In the next few months we will be adding support for using and updating third party packages in your games. The updates will be entirely controlled by the developer. Once that is done, we will revisit the entire concept of modules.

In general, I agree that referencing mutable content in a non-versioned way (which is what modules allow) is an bad idea. It is especially bad if you do not own the code.

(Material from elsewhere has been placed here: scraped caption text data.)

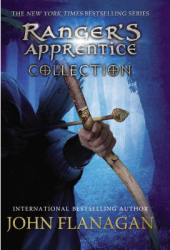 The Ranger s Apprentice Collection - John Flanagan 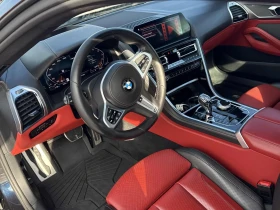 BMW 850 xDrive* CARFAX* АВТОФИНАНСИРАНЕ* Цена до България* - 81999 лв. - 53233774 6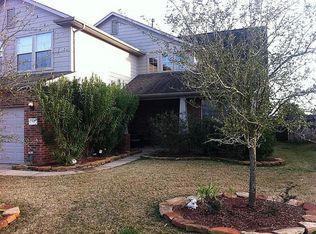 9207 Fernwillow Dr, Spring, TX 77379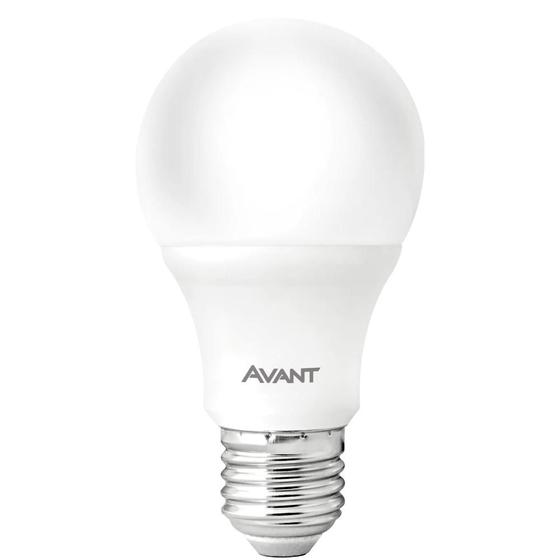 Imagem de LED per in  Branco 6500k 200 15w bivolt  Branco 1300 b pack3 Avant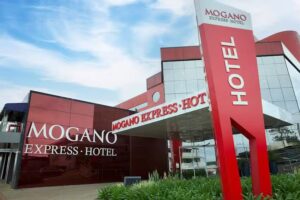 Mogano Express Hotel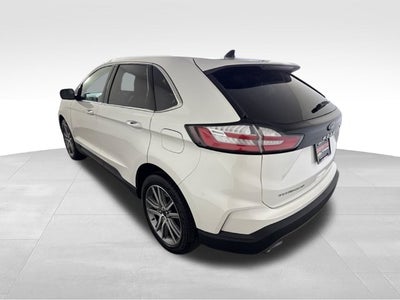 2024 Ford Edge Titanium w/ PANO ROOF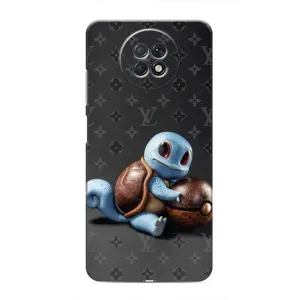 Чехол с принтом «Черепашка» для Xiaomi Redmi Note 9T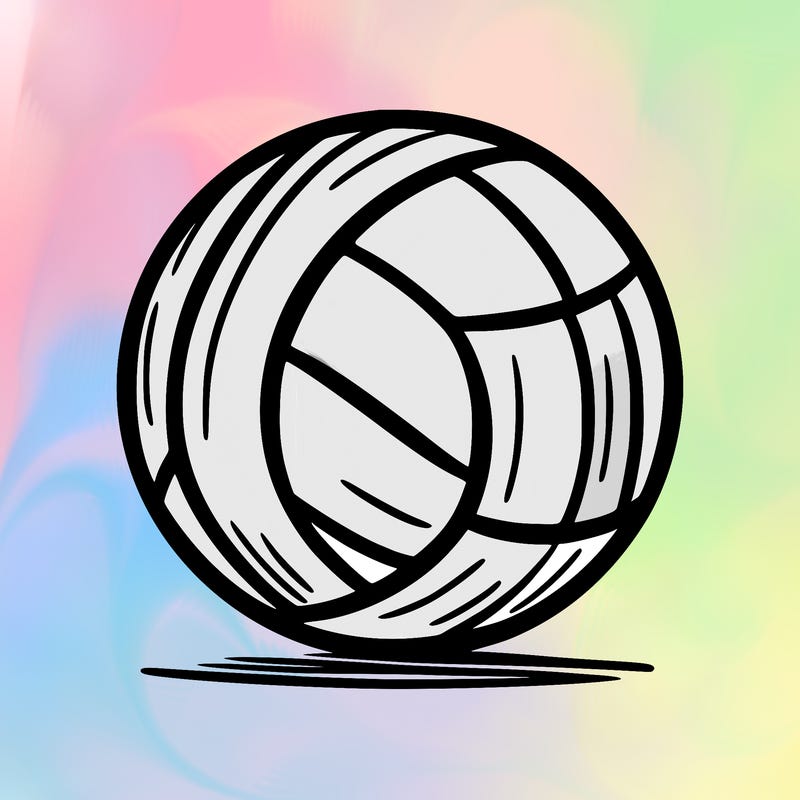 volleyball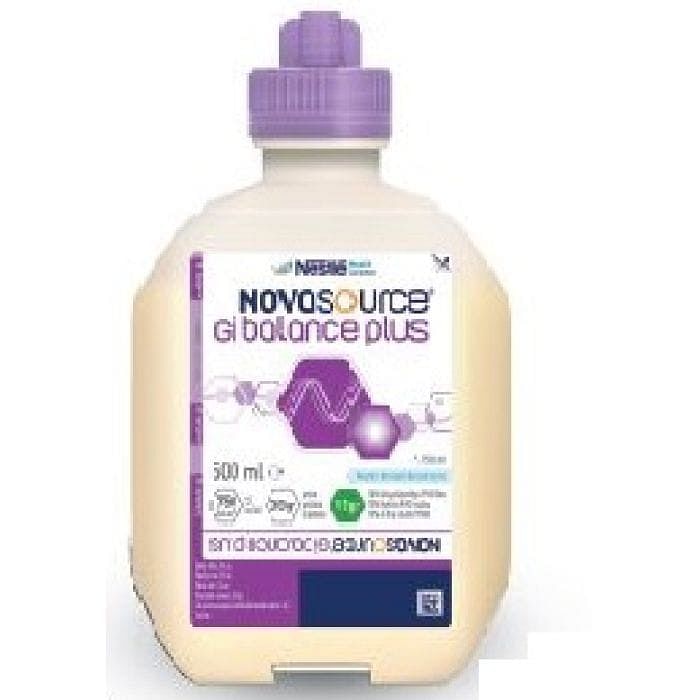 Novasource Gi Balance Plus 500 Ml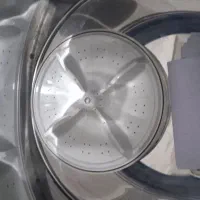 پتو شور نیمه اتوماتیک (حدید)مدلEswms245|ماشین لباسشویی و خشک‌کن لباس|سوسنگرد, |دیوار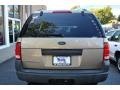 2003 Harvest Gold Metallic Ford Explorer XLS 4x4  photo #5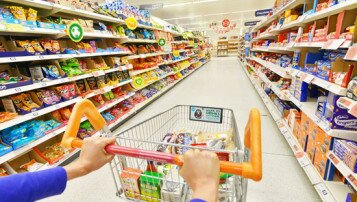 Council Annual Survey: Supermarket Prices Up 1.8% on Average in2014 - CHOICE # 462 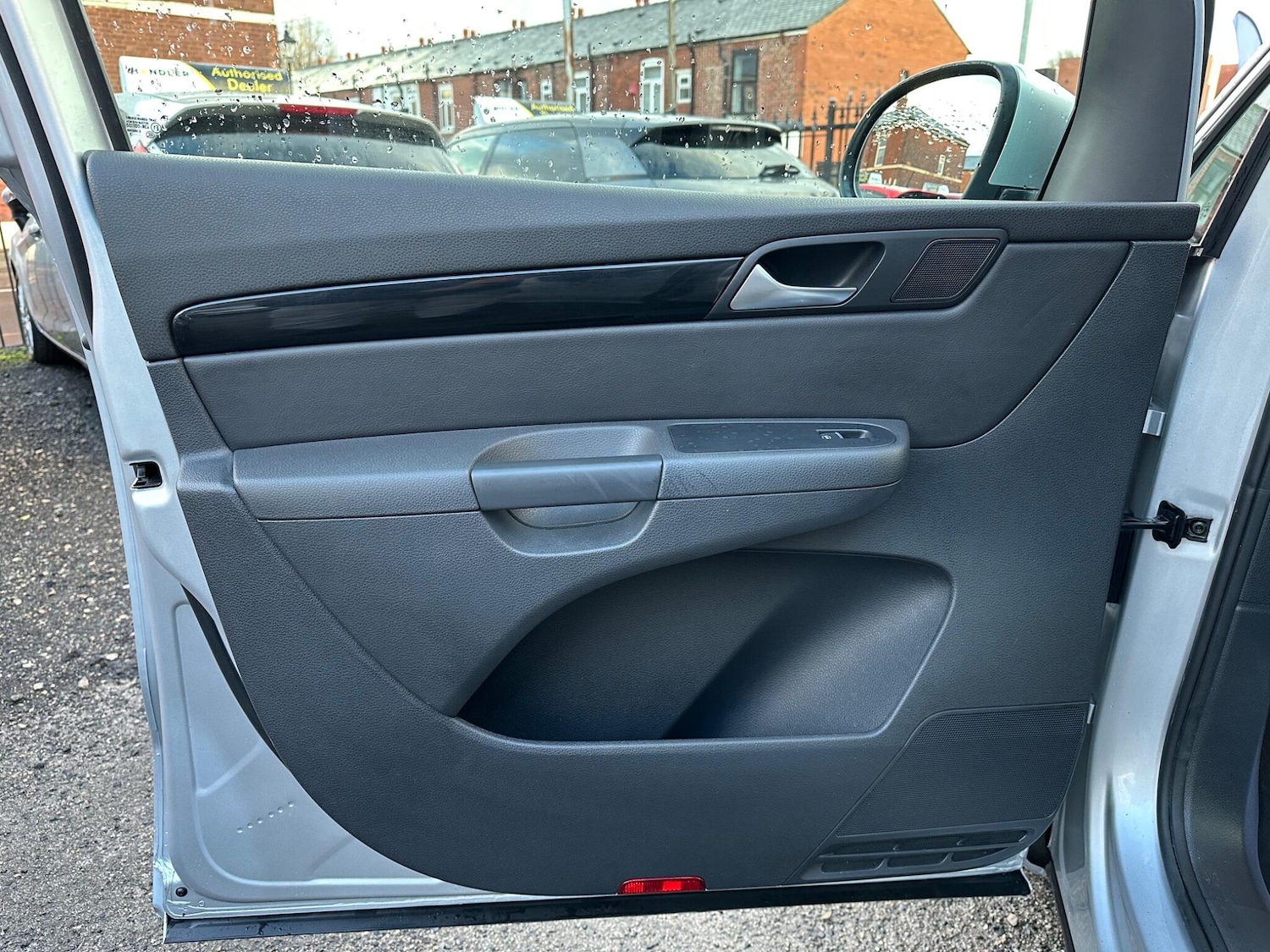 Used SEAT Alhambra 2013 for sale - 76432805: Photo 32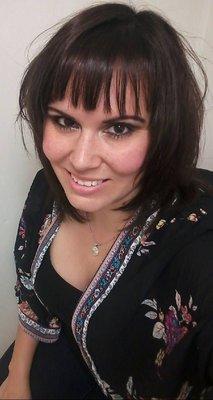 Photo of Christine R.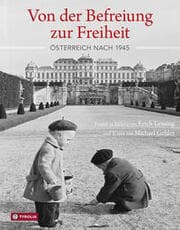 Cover von Von der Befreiung zur Freiheit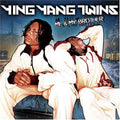 Me & My Brother - Ying Yang Twins | CD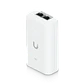 Inyector PoE++ 60W, 10Gbps, 802.3bt, 54V DC Ubiquiti UACC-PoE++-10G - Miniatura 5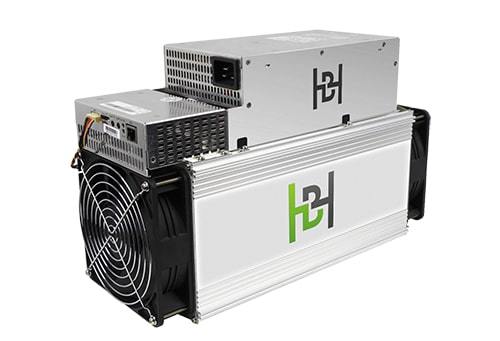 疫症家中低噪音挖礦  廠商推銷FPGA挖礦機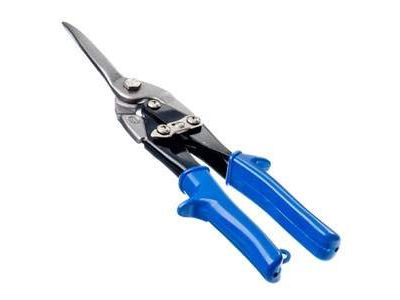 Изображение товара Ножницы по металлу 300мм РОКОТ пряморежущие        ХХ в Миди Лтд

I am seeing a lot of complaints about Roblox removing features without replacement. Most of the time we do provide alternatives, but in the rare case that we remove a feature without replacement, we usually give rationale. For example, with the sets feature, we explained that the feature incurred significant maintenance cost and we would have had to redirect development effort towards maintaining sets instead of working on new features. Practically speaking, this means that features like Cross Server Messaging, which is slated for beta release before March, would have had to be delayed. We decided that we would rather spend our time on a new feature that most developers will take advantage of rather than an existing feature that few developers used.

In the case of third party closed source modules, we want to provide a replacement in the form of packages with granular access permissions for scripts. However, releasing such a system will not occur until late 2019 at the earliest given the complexity involved in building an access permission system. We had to make the difficult choice of either removing third party closed source modules or waiting potentially years for a replacement. We opted to remove the feature because of the risk it poses to our platform and the unlikelihood that a replacement can be delivered in the near future.

My overall point is this: if you think Roblox should never remove features without replacement, I would like you to question that assumption. We are trying to do the best thing for our developers and sometimes that requires making the tough call to drop features.

Will packages allow closed-source code distribution?

Can modules which are uploaded to a group assets page still be required for that group’s places?

Since the owners are the same, the answer should be yes.

That may be true for newer developers coming into the platform. But I’m not sure I know of any knowledgeable developers that randomly add third party content without at least looking into the source a bit. I know you guys want to appeal to the entire spectrum of developers on the platform, but that shouldn’t mean you punish others because other people don’t know how to use the system.